If the CDU and their mooted partners, the liberal FDP fail to win a majority, Merkel's party could be forced into an alliance with Gerhard Schröder's SPD, a move which could kill the economic reforms that have been the centrepiece of her campaign.

Her promises to tackle Germany's record unemployment - the main theme of her speech and the biggest social problem in the former east Germany - drew only patchy applause last night, perhaps because as the local MP, she was deemed not to have done enough. Some hinted afterwards that she might have sacrificed local interests to her national ambitions.

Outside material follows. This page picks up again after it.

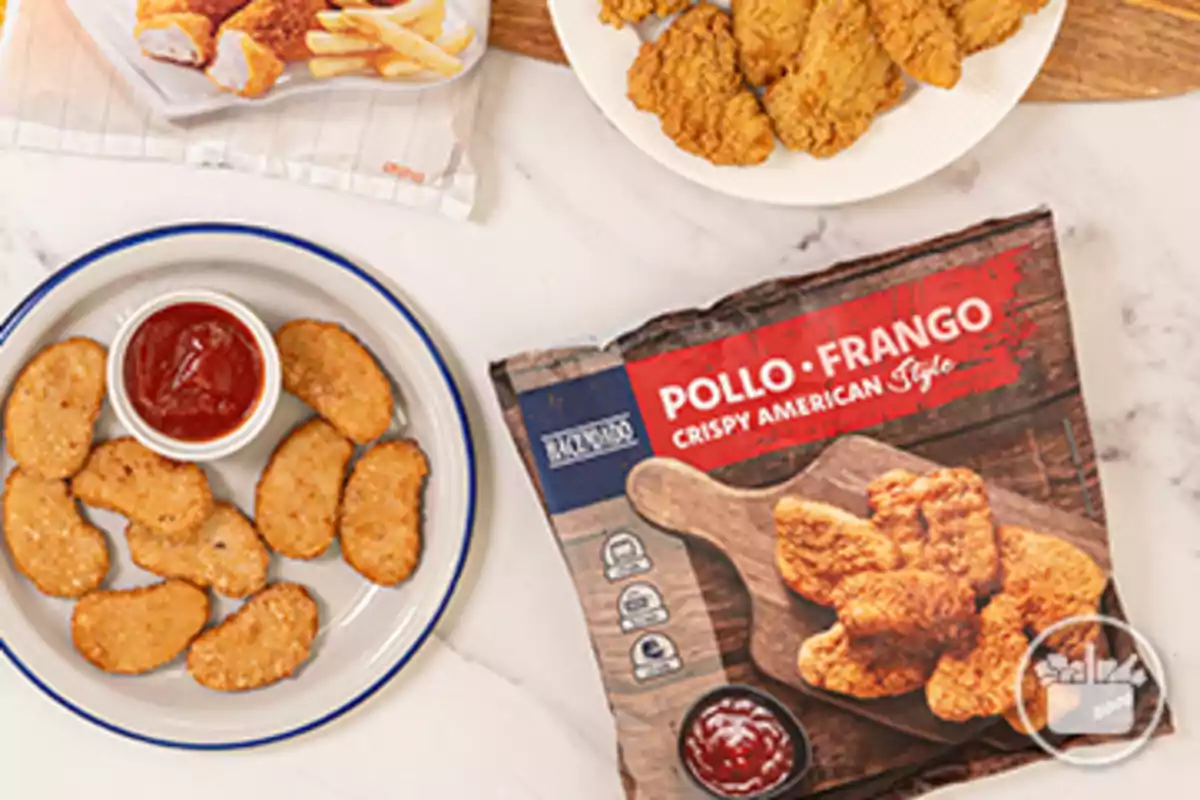 Paquete de pollo empanizado estilo americano junto a un plato con nuggets y salsa de tomate Paquete de pollo empanizado estilo americano junto a un plato con nuggets y salsa de tomate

However, she looked anything but an ambitious politician yesterday. She tried a walkabout in the cobbled streets, but seemed listless, uncommunicative and extremely tired. Once at the podium, she tried lambasting Schröder over unemployment, but sounded as if she was reading a lecture on economics.

The crowd, even in this relatively prosperous town, looked like a gathering of those left behind in the emptying area that was East Germany: young couples with children, elderly people and many half-drunk and bestudded youths.

But, of course, this rally was less about meeting the people in Stralsund than it was about television airtime. The backdrop, the filigree façade of Stralsund's distinctive Gothic town hall, and the colourful medieval market square were picture postcard Germany. For television viewers, this was "Angela coming home". In fact, there seemed little gratitude, or even warmth, on either side.

Ominously, the only times the crowd came alive was when she touched on foreign workers, saying "those who do not accept our constitution have no right to be here and will have to leave", and when she ruled out Turkish membership of the EU. A small group of youths who had barracked hoarsely up until that point, enthusiastically waved the red and black placards of the far-right NPD.

For the best part of an hour, Ms Merkel tried to rescue some of the policies savaged by Mr Schröder and his SPD campaigners over the past week.But to be addressing misinterpretations of her policies at this stage of the campaign does not bode well for Ms Merkel and her centre-right CDU/CSU alliance.

Three years ago, at an infinitely more modest Stralsund rally, Ms Merkel still spoke as an intellectual, rather than a campaigner, but she came across as energetic and optimistic, with a bright future before her. Then, the home crowd was curious and engaged. Three years on, Stralsund seems conspicuously more prosperous. There just seems less hope around.